Background technology
In the past, in the electrode of solar cell formed, firing temperature was the high temperature more than 350 ℃, and the organic substance in the paste is removed easily.But, when requiring firing temperature to be the electrode material below 350 ℃, understand the organic substance in the residual paste, thereby on electrochemistry, play the effect of insulator, hinder flowing of electronics.Particularly in area of solar cell, under the situation of the silicon heterogenous solar cell of noncrystalline/crystalline,, require the firing condition of low temperature (below 250 ℃) in order to suppress the crystallization of uncrystalline layer.This easy fired with electrode in, exist because residual organic and problem that electrical characteristics reduce.
Summary of the invention
Technical task
Therefore; The purpose of this invention is to provide when showing low contact resistance, high aspect ratio, excellent storage stability and excellent bonding force and forming electrode of solar battery without other firing process; In baking temperature, be cured and form electrode, thereby the electrode of solar battery that can improve the productivity ratio that electrode of solar battery forms forms with paste and the electrode of solar battery formation method of utilizing this paste.

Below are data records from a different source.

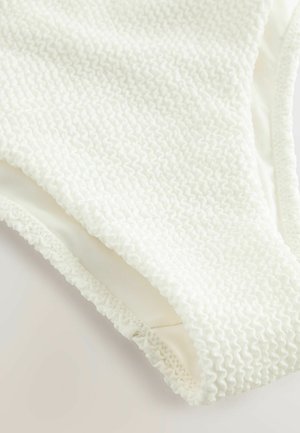 Costume da bagno bianco texturizzato con un design in tessuto smock, foderato morbido e bordi arricciati per un tocco di dettaglio e comfort.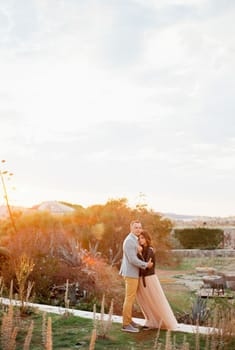 Groom hugging bride standing on stone path at sunset. High quality photo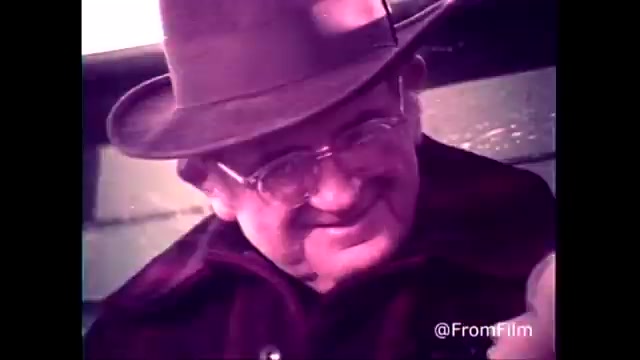 In this still from the 1970s C&P Telephone commercial, a warmly smiling older man wearing glasses and a hat is depicted, likely conveying a sense of warmth and connection. The background hints at a rural setting, typical of West Virginia, complementing the tagline, 'The next best thing to being there.' The post-1969 Bell System logo signifies the era of the ad. This imagery reflects the era's charm and promotes the reliability of telephone communication in connecting loved ones.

Solve the method for problem
To achieve these goals, the present invention provides a kind of electrode of solar battery to form and uses paste, wherein, contains:
(a) silver powder,
(b) from by PEDOT-PSS, polythiophene, the electroconductive polymer more than a kind that gathers (3-alkylthrophene), polypyrrole, gather (2, the 5-dialkoxy is to phenylacetylene), select in the group that p-phenylene vinylene and polyparaphenylene form,
(c) cellulose derivative, and
(d) solvent.
In addition, the present invention provides and utilizes above-mentioned electrode of solar battery to form with the electrode of solar battery formation method of paste and utilize the electrode of solar battery of said method formation and the solar cell that comprises above-mentioned electrode.
The invention effect
Electrode of solar battery of the present invention forms the effect that shows below with paste:
The first, high production rate: in baking temperature (below 100-250 ℃), be solidified to form electrode in the short time, therefore do not need other firing process.
The second, high conductivity and excellent resistivity: in baking temperature (below 100-250 ℃), it is inner and stable aspect electrochemistry that electroconductive polymer residues in paste, thereby successfully guide flowing of electronics.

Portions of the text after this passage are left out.